What is needed is the full listing written out exactly, minus the pictures.

====== The data

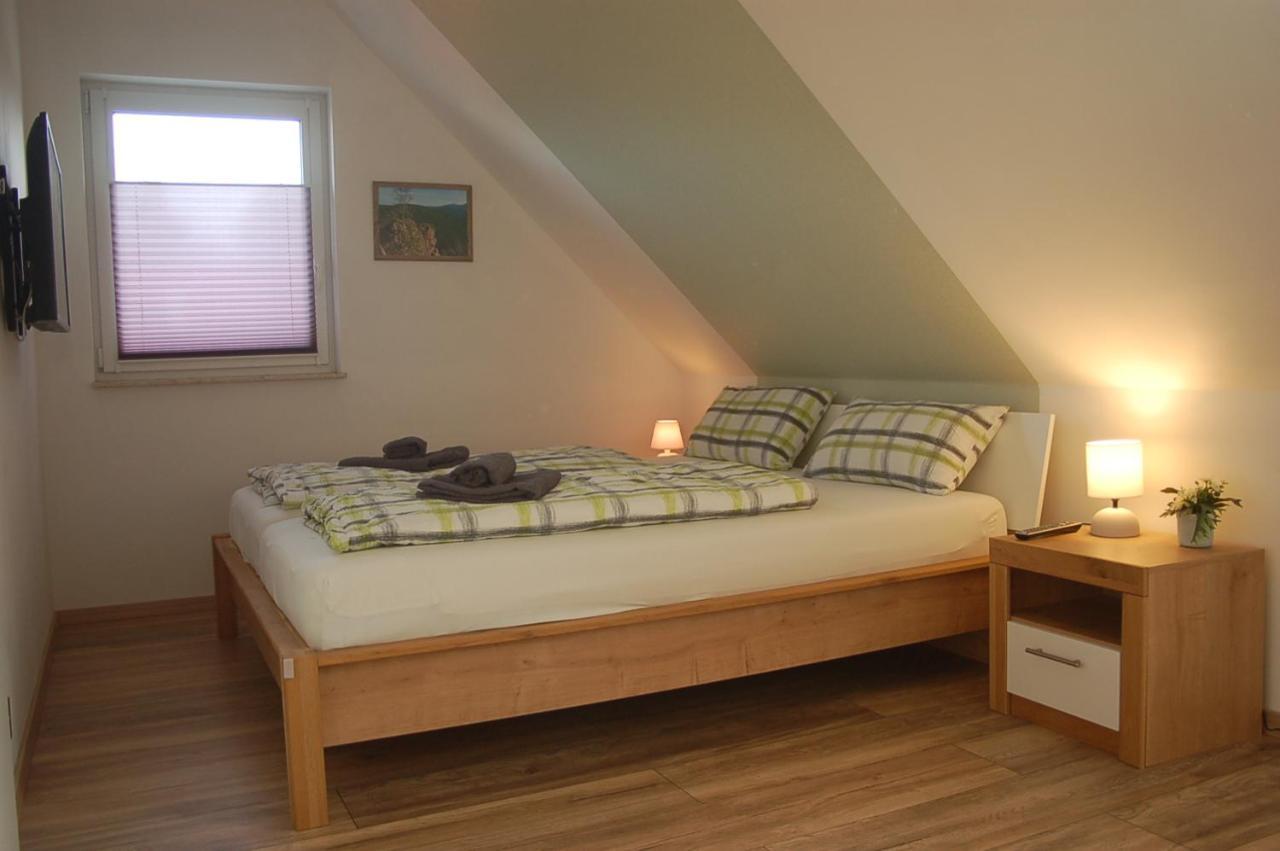 Behagliches Ferienhaus Zaunkoenig -Mit Kamin Und Sauna Tanne Ngoại thất bức ảnh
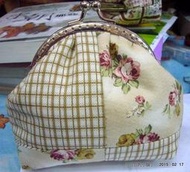 手作機縫  日本米黃玫瑰花方格棉布 口金包 零錢包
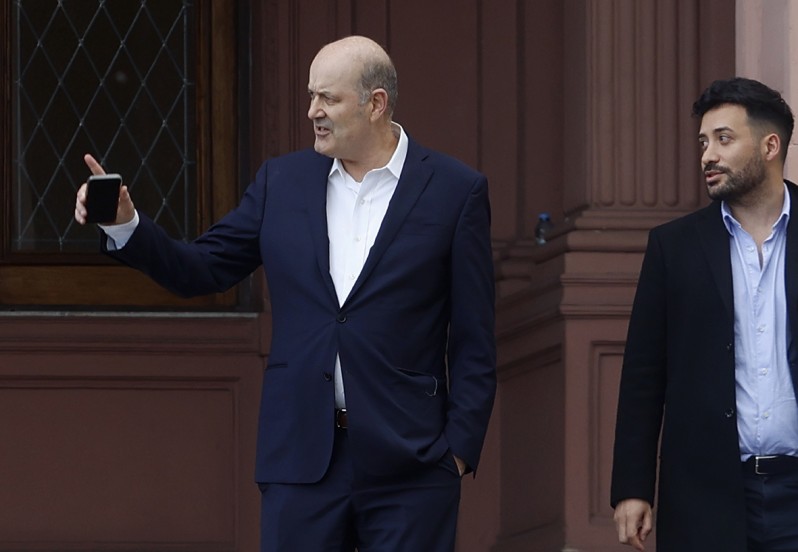 Interna en el gabinete: el ala política acusa a Sturzenegger de detonar la relación con la CGT Interna en el gabinete: el ala política acusa a Sturzenegger de detonar la relación con la CGT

============

#### Response to the exercise:
 Behagliches Ferienhaus Zaunkoenig -Mit Kamin Und Sauna Tanne Ngoại thất bức ảnh
 手作機縫  日本米黃玫瑰花方格棉布 口金包 零錢包
 Interna en el gabinete: el ala política acusa a Sturzenegger de detonar la relación con la CGT Interna en el gabinete: el ala política acusa a Sturzenegger de detonar la relación con la CGT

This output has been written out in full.